Input data:
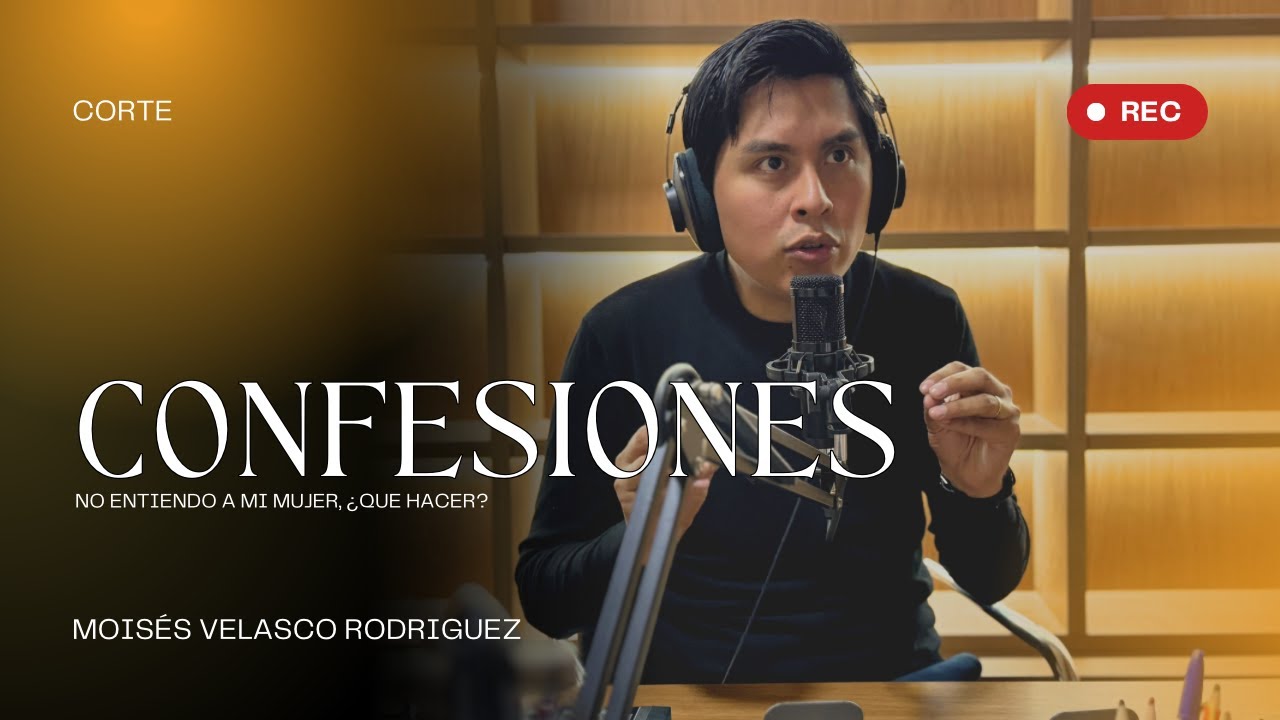 LIVE PV: CONFESIONES - NO ENTIENDO A MI MUJER, &iquest;QUE HACER?
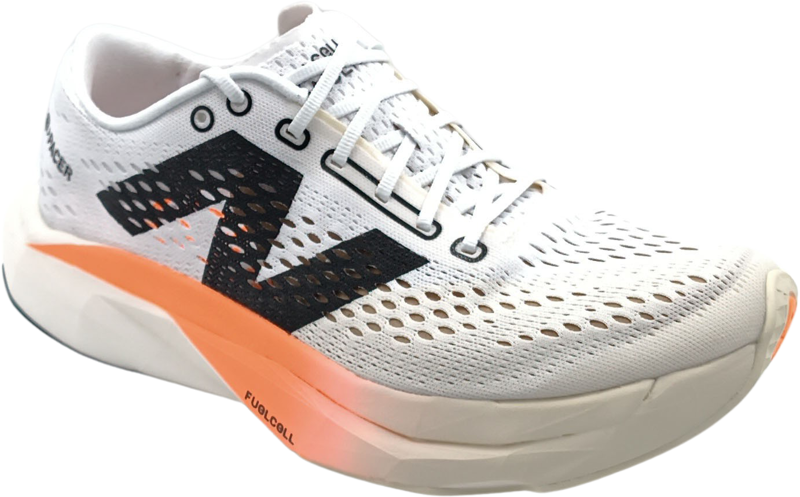 New Balance FuelCell SuperComp Pacer v2 white/orange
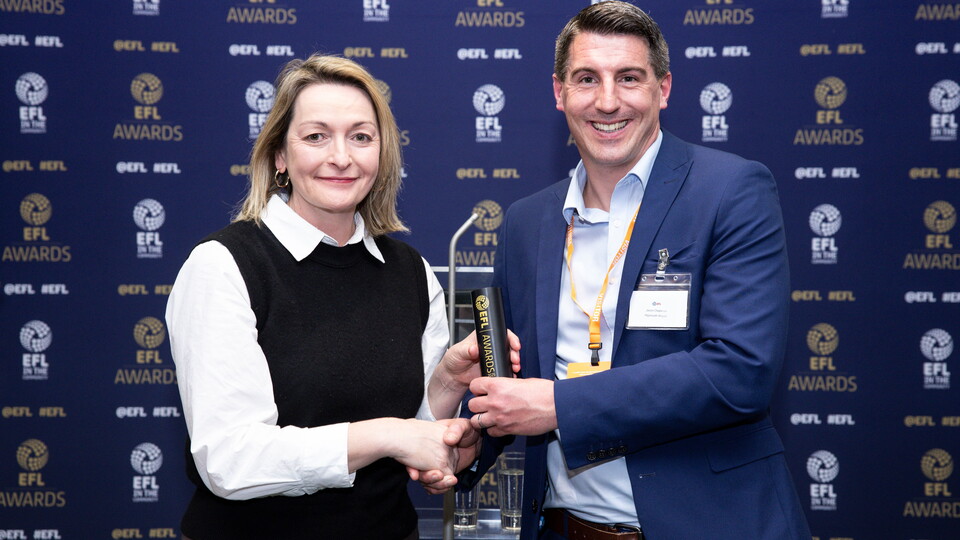 Argyle Community Trust win EFL Award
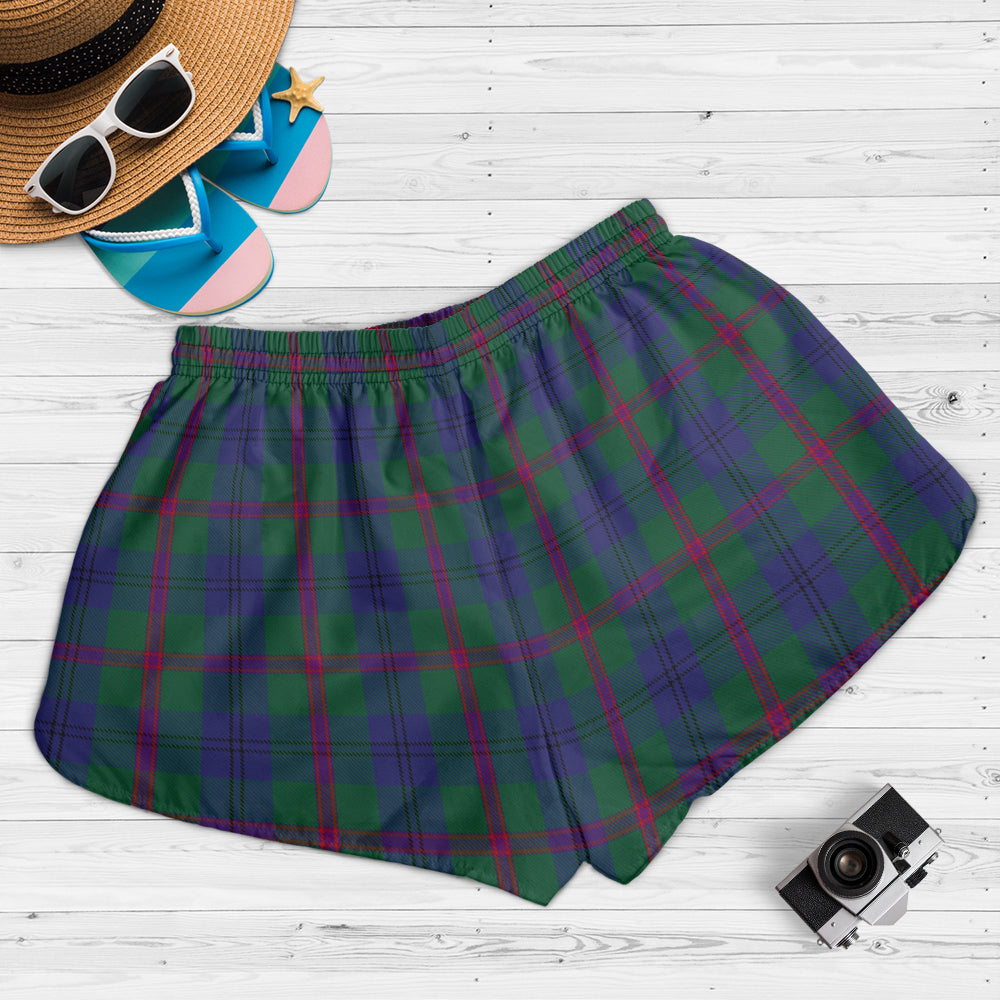 laurie-tartan-womens-shorts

Work instructions:
From the material above, reproduce everything verbatim except the pictures.

Expected answer:
 LIVE PV: CONFESIONES - NO ENTIENDO A MI MUJER, &iquest;QUE HACER?
 New Balance FuelCell SuperComp Pacer v2 white/orange
 Argyle Community Trust win EFL Award
 laurie-tartan-womens-shorts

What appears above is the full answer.